If you take a look around right now, there’s a good chance you’re sitting within reach of a promotional product. The Advertising Specialty Institute reports that almost 60 percent of U.S. consumers own a promotional t-shirt, and half or more own outerwear, drinkware, bags and writing instruments adorned with the name or logo of some brand or organization. It’s a $21 billion-a-year business, according to the Promotional Products Association International, and, in the eyes of one entrepreneurial Colorado family, an industry ripe for disruption through technology.
Noleen Zasman and daughters Bryony Zasman and Donna Lomazini launched ZOOMcatalog in 2009. Noleen, a veteran promotional products distributor, serves as president, Bryony as director of marketing and Donna as director of business development. Husband and father Gary Zasman provided the startup capital and has served as a mentor from the very beginning, making this truly a family enterprise.
As with so many disruptive innovations, the concept behind ZOOMcatalog has its roots in an entrepreneur’s dissatisfaction with the status quo--in this case, Noleen’s frustration with the paper-based nature of the promotional products industry. It made the process of finding interesting products for her clients time-consuming and labor-intensive, and it required her to keep a massive library of printed catalogs on hand and up-to-date.
“As a distributor, my mom was getting endless catalogs in the mail, and every January it would start all over again. It was completely inefficient and very hard to find products in those catalogs,” Bryony explains. She and Noleen came up with a concept to create a system where all those catalogs could exist online. “We’re not talking about a database of individual products. We wanted to digitize the catalogs in a way that would replicate the user experience online, but we also wanted to extract the information in a way that would make them searchable.”
The promotional products industry traces its roots back to 1789, citing the use of commemorative buttons in George Washington’s election as the first president of the United States as its starting point. Perhaps not surprisingly, it has a reputation for hidebound thinking, or, as Bryony puts it, “It’s kind of a dinosaur.” It lagged in technological innovation at the time the Zasmans were launching their venture, and they knew selling the value of a disruptive technology to an industry widely seen as being stuck in its ways would be no easy task. The challenge fell squarely on the shoulders of the young sisters, just 23 (Bryony) and 25 at the time.

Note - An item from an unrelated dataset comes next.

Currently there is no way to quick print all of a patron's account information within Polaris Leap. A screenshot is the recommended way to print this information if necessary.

“We were young, we were women, we were family-owned,” Bryony recalls. “So we got a piece of paper, drew up our concept and started going to trade shows and talking to the suppliers who were paying to print and ship all those catalogs every year.” While they got a fair amount of positive feedback, they also ran into a lot of naysayers. “The ones who told us this would never happen and that we were bound to fail were the ones who really fired us up. We were like, all right, we’re definitely doing this now.”

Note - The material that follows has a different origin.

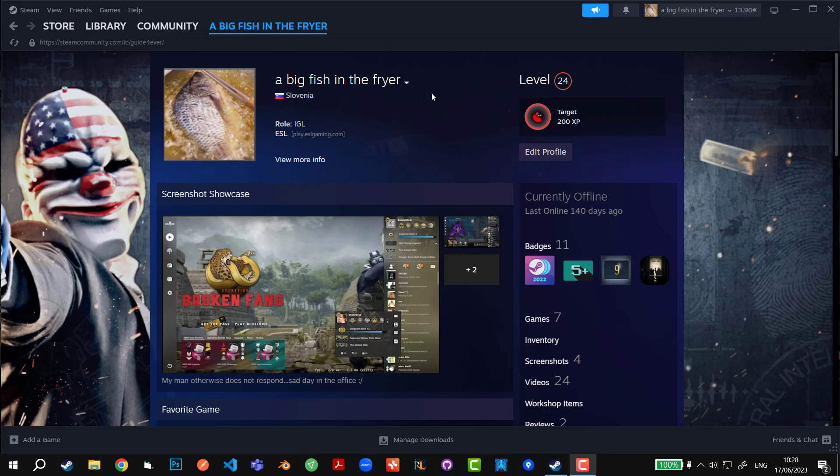Hey guys, what's going on? My name is Guide Forever, and welcome to today's video. In today's video, I'm going to show you how to put a screenshot showcase that you can see right here on your profile if you don't have it already.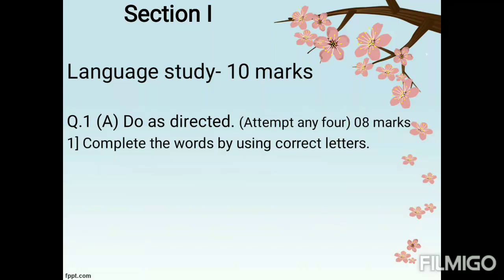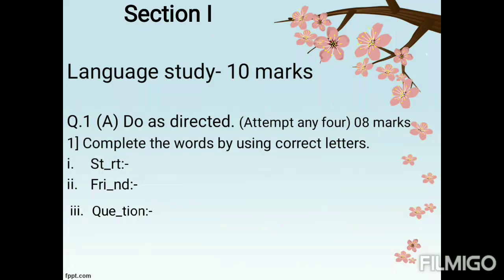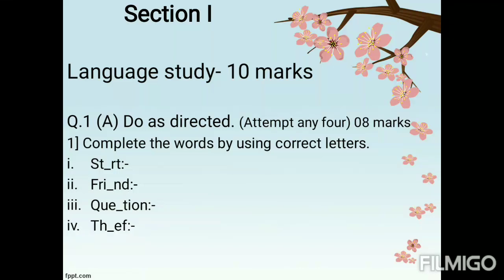Let's see the examples. First: ST-RT. Second: FRI-ND. Third: Q-U-E-T-I-O-N. Fourth: TH-EF. This activity is complete.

ZOOMcatalog bootstrapped and self-funded the entire development process. One early challenge was what Bryony calls the “chicken and the egg” problem. “We needed to have a search engine, but we needed to have content in it in order to get distributors to use it. But how could we get suppliers to take the time to put their catalogs into something that wasn’t being used yet--or didn’t really even exist?”
The answer was another road show for the sisters, where they offered suppliers free inclusion of their catalogs for a year in order to demonstrate proof of concept. They set 100 suppliers as their critical mass mark, and once they hit it, they started marketing heavily to distributors. “Being a young, techy, disruptive company, we did things differently,” Bryony says. “We relied heavily on social media, especially Twitter, at a time when everyone else was still trying to figure out how it worked.” They also took steps to project an image of ZOOMcatalog as a bigger company than it actually was at the time, attending lots of trade shows with their big, custom-designed booth.
Those efforts paid off in several ways, leading to multiple patents for the technology they created for their digital catalog management system and opening the door to additional revenue-producing channels and solutions. Suppliers now pay to be included in the company’s distribution channels, and with a rapidly growing and geographically dispersed workforce, ZOOMcatalog is getting ready to expand its custom technology solutions into other industries.
“Being chosen as a winner in the T-Mobile Unleash Your Business contest could not have come at a better time for us,” Bryony says. “While we’ve gotten a lot of recognition for what we’ve done within our industry, this is really the first substantial recognition we’ve received outside the industry for our accomplishments--and our continuing promise--as a technology developer and provider. And being able to equip all our remote staff members with mobile communication devices and services on a common platform is just going to add to our momentum.”